Stupid Writer Tricks: Cast Your Characters

Here’s a writing trick that’s so simple and so effective that I’m surprised I haven’t read it elsewhere. (And if it has been discussed elsewhere, someone post the link so I can give proper credit. I’m too lazy to Google for it.)

The trick is: cast all of the characters in your story with recognizable Hollywood actors as you write.

Why? The reason is very simple. It’s the easiest way to keep track of the details about your characters from eye and hair color to voice inflection and mannerism. After you’ve spent a month or two following an alternate plotline, by the time you return to the main story you may not remember what color the main character’s hair is, or whether the viscount’s sister’s brother-in-law was supposed to be skinny or fat.

But chances are you do remember what Sean Connery looks like with your eyes closed. You could describe Kevin Bacon circa Footloose or James Doohan circa The Wrath of Khan without any mental strain whatsoever. You know exactly how sassy Mary Elizabeth Mastrantonio was in The Abyss, and how her voice sounded, and you probably have a good idea of how she’d react when confronted with a robot rebellion on the fourth moon of Xigg. (Mary Elizabeth, incidentally, was the model I used for a character in Infoquake. If you’ve read the book, you’ll know who.)

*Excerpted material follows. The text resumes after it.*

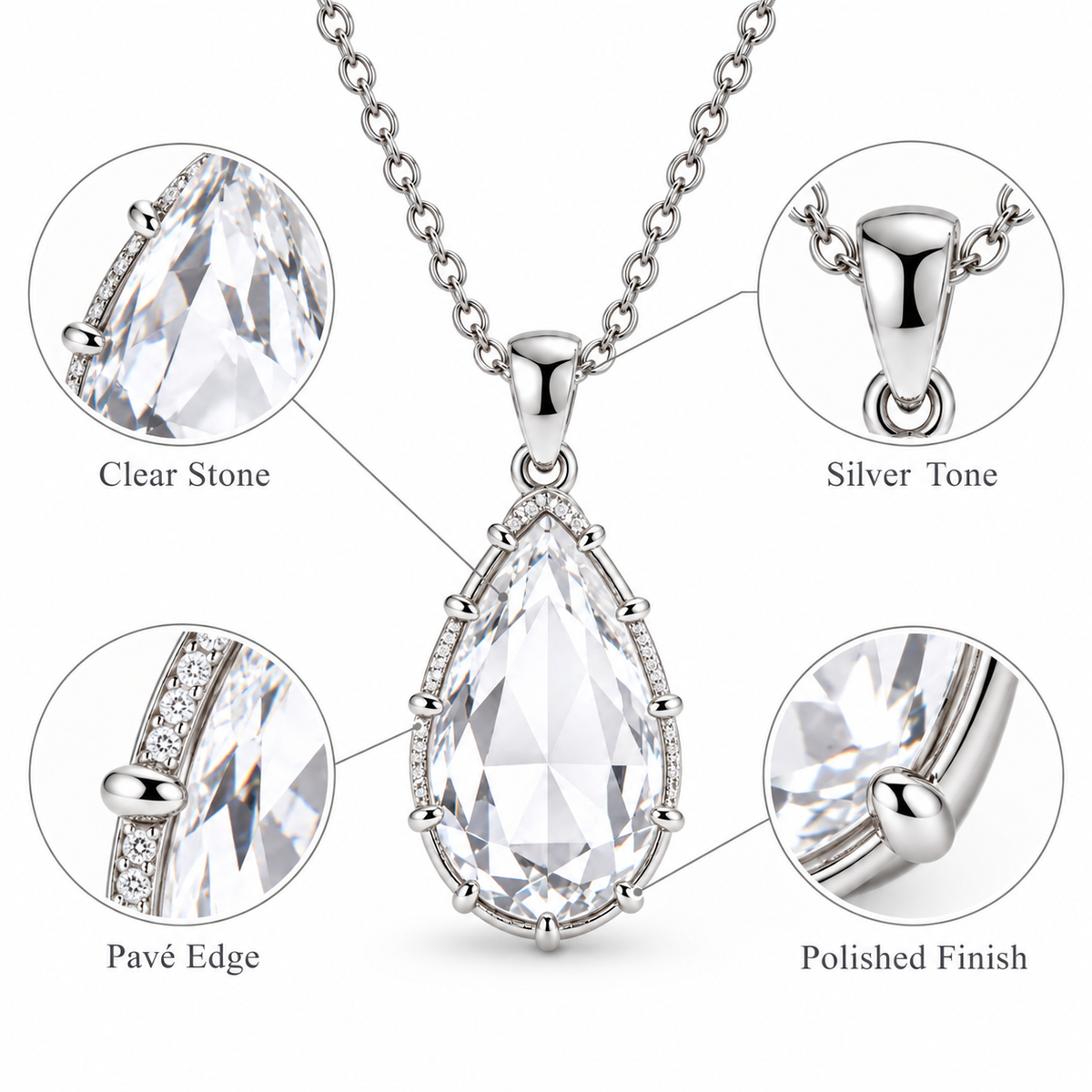 Auraliven Teardrop Pendant Necklace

My first reaction when I thought up this technique was that it would inhibit the writer’s creativity. On the contrary, it sets you free to focus that creative brain of yours on more important matters. It’s just a mnemonic device to help you remember details. And with the wide range of recognizable Hollywood actors out there, you’re certain to find someone that you can cast for every character in your book.

Is this going to spoil your readers’ imaginations? Not at all. Obviously you’re not going to tell them who you’ve cast. And I defy you to write a description of any Hollywood actor that your readers will be able to recognize, without being given the name. (Okay, I’m sure there are a few. Danny DeVito. Gilbert Gottfried. John Candy.)

So go write a casting sheet for every character in your novel or short story. Yes, every single damn one, major or minor. And don’t worry, through the magic of the imagination, you won’t even have to pay any royalties.